Excitement and relief as pupils rake in scores of As

2008-12-29 00:00

THIS year’s pass rate at schools that wrote matric under the Independent Examinations Board (IEB) is marginally less than last year’s, but IEB CEO Anne Oberholzer is proud of the achievement.

She said 8 001 candidates at 159 schools across the country wrote the 2008 National Senior Certificate and of those, 97,01% passed in comparison to last year’s 98%.

“It is definitely … a good set of results from good set of schools. The teachers worked hard for the past three years in preparing the learners for the first National Senior Certificate examination and the learners have really come to the party.”

She said that since the National Curriculum Statement did not have an aggregate this year, outstanding pupils have to be identified as those ranked within the top five percent in each of the six or more subjects written, as well as achieving 80% or more in life orientation.

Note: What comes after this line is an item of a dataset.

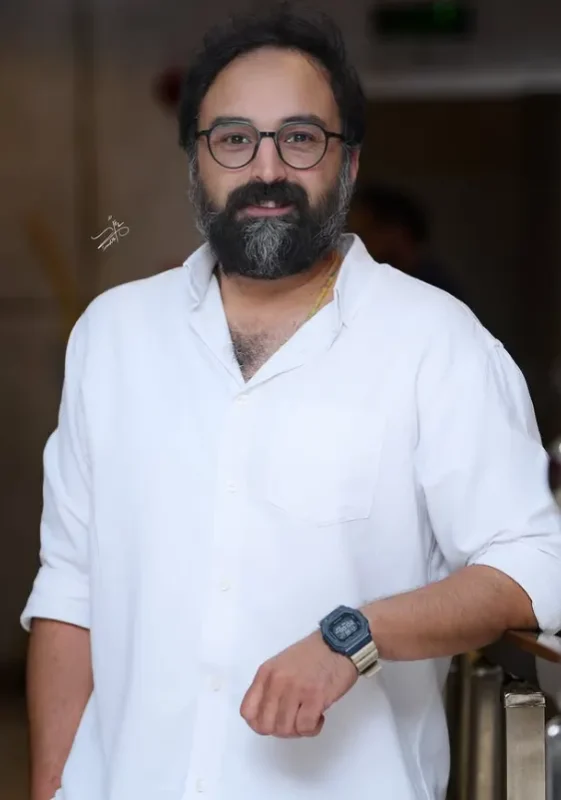 تصویر روز | عکس جنجالی از نیلوفر کوخانی و کاوه خداشناس در مراسم اکران خصوصی Screenshot 2025 07 21 171605 1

“I think the aggregate system actually had its set of problems. The aggregate of maths can’t be the same as the aggregate in maths literacy, because it is not the same thing. So this year was actually harder because we had the cut-off mark of five percent of the top marks in each subject. And to qualify for this, you had to be within the five percent mark in every subject.”

Making the outstanding achievement list were Pietermaritzburg’s The Wykeham Collegiate, St John’s Diocesan School for Girls and Hilton College. Durban Girls’ College boasted two candidates in the outstanding achievement list, while St Mary’s DSG in Kloof and St Dominic’s Academy in Newcastle both had one representative.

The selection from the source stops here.